La teoría que vinculaba el geomagnetismo y la navegación ya había sido desarrollada por Carl Friedrich Gauss, un astrónomo de la Universidad de Gotinga. Para poner sus ideas en práctica, Sabine y otros propusieron que se estableciese una red de estaciones de observación a lo largo de todo el orbe que informarían de sus datos simultáneamente. James Clark Ross había descubierto el polo norte magnético y establecido que era diferente del norte geográfico, también llamado «norte verdadero». Ahora, el siguiente paso lógico era centrarse en las zonas terrestres inexploradas y, en particular, en las partes más remotas del hemisferio sur.

Hasta ese momento, la exploración antártica nunca se había tomado muy en serio. La mayoría de los datos que se tenían sobre las tierras del sur procedía del capitán Cook, quien, en la década de 1770, había cruzado en dos ocasiones el círculo polar antártico… y la experiencia no le había entusiasmado demasiado. Según escribió, aquel era un terreno de «espesas nieblas, ventiscas, frío intenso y todos los demás elementos que hacen la navegación peligrosa». En su mayor parte, la región se había dejado en manos de balleneros y cazadores de focas privados.

En cualquier caso, descripciones como la de Cook no hicieron sino aumentar la fascinación del público por el lugar. Para los románticos, la Antártida representaba el misterio de lo desconocido y lo salvaje. Por ejemplo, la «Balada del viejo marinero», de Samuel Taylor Coleridge, publicada en 1798, describe un barco maldito que navega a la deriva en el océano Antártico.

Sopló la buena brisa, corrió la blanca espuma,

siguió libre la estela;

éramos los primeros que jamás irrumpieran

en aquel mar callado.

En el poema de Coleridge, el viaje acaba en desastre.
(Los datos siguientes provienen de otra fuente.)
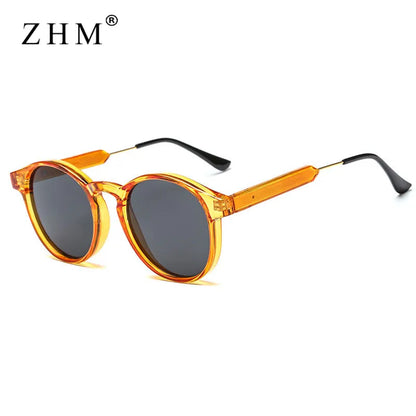 Lunettes De Soleil rondes rétro femmes hommes marque Design Transparent femme lunettes De Soleil hommes Oculos De Sol Feminino Lunette Soleil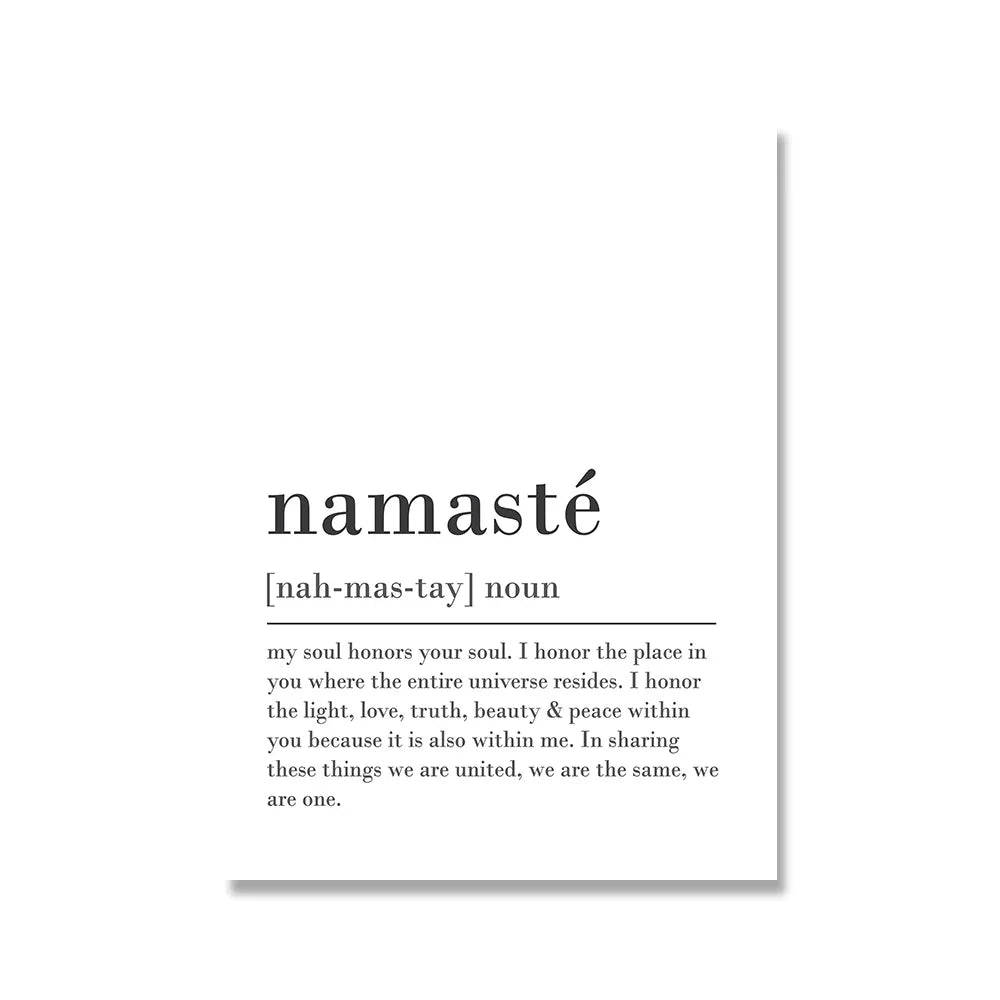 Buddha Namaste Poster - Zen Wall Art Print for Meditation Room & Home Decor | Buddhive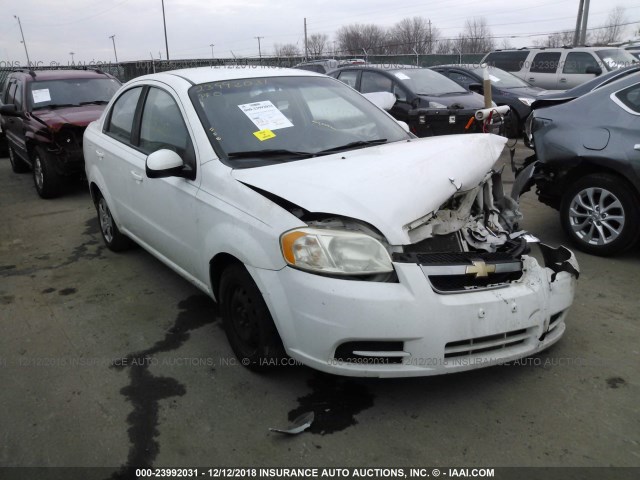 KL1TD5DE2AB125695 - 2010 CHEVROLET AVEO LS/LT WHITE photo 1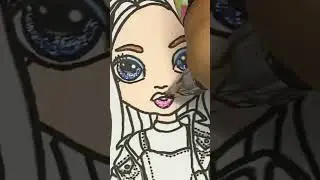 Coloring Skylar Bradshaw - rainbow high dolls #shorts #colors #art #speedcoloring #cute #dolls#color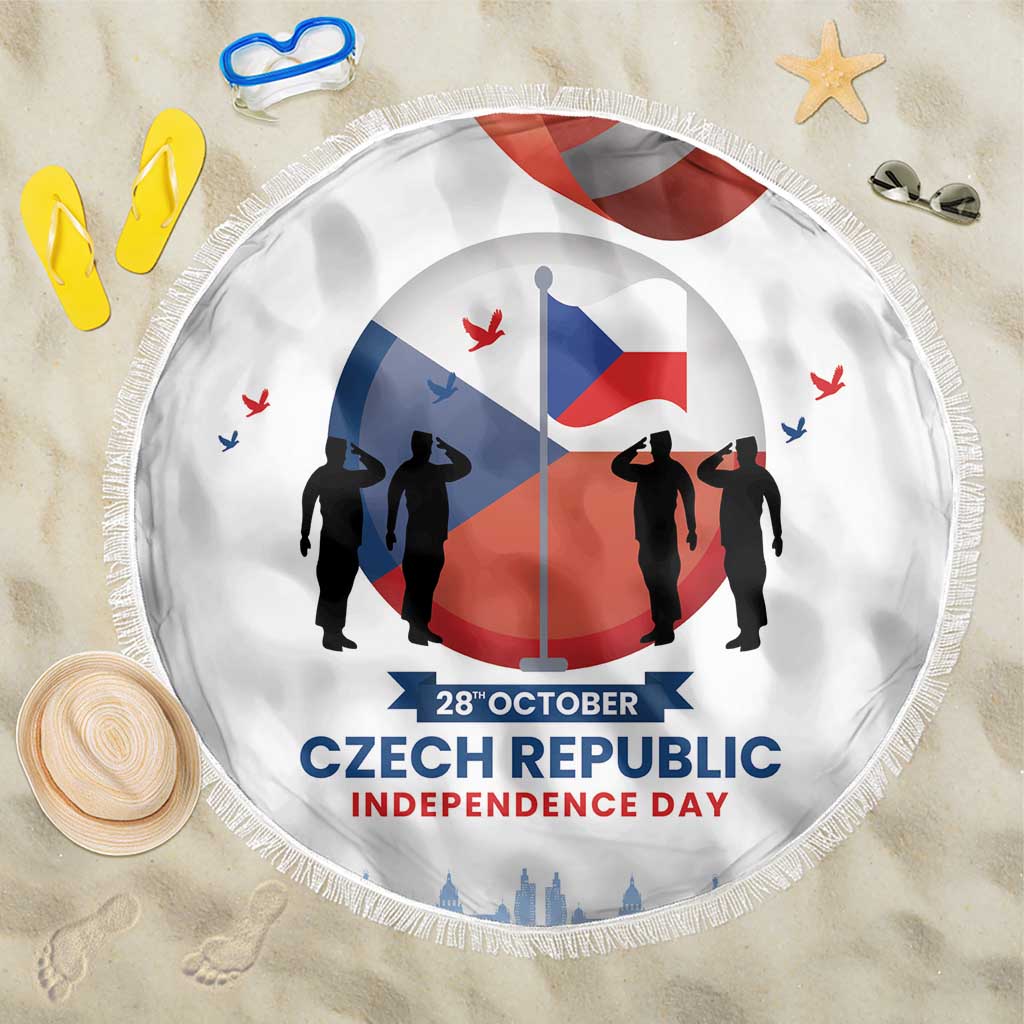 Czech Republic Independence day Beach Blanket Den Vzniku Samostatneho Ceskoslovenskeho Statu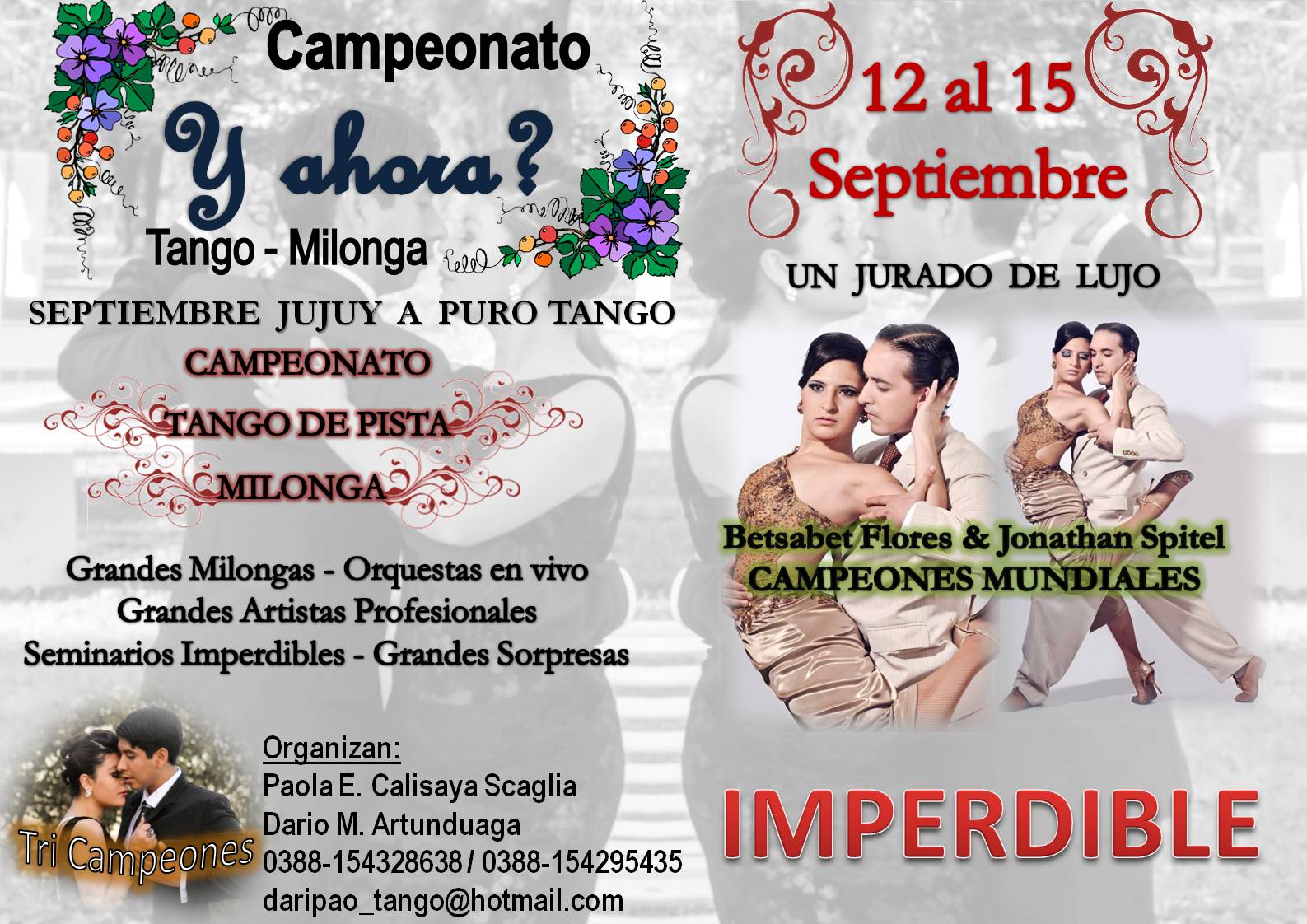 Campeonato ¿Y AHORA? de Tango de Pista y Milonga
El héroe de la única novela de Edgar Allan Poe, Las aventuras de Arthur Gordon Pym (1838), encuentra en el océano Antártico todo tipo de peligros y depravaciones, desde naufragios hasta canibalismo. Es un lugar de frío y oscuridad infernales. Un sitio donde las almas atormentadas sucumben a la locura. El tipo de lugar que los griegos llamaban Érebo.

Mientras los artistas y los poetas estaban ocupados asustándose a sí mismos y al público, los científicos, como a menudo sucede, iban en otra dirección, la del conocimiento y la lógica, la de la exploración y la explicación. Imbuidos del espíritu de la Ilustración, la existencia o inexistencia de un continente en el Polo Sur constituía otro misterio que había que resolver. Ahora, las exigencias de la ciencia y un sentimiento recién despertado del potencial del ser humano se combinaban para empezar a desentrañarlo.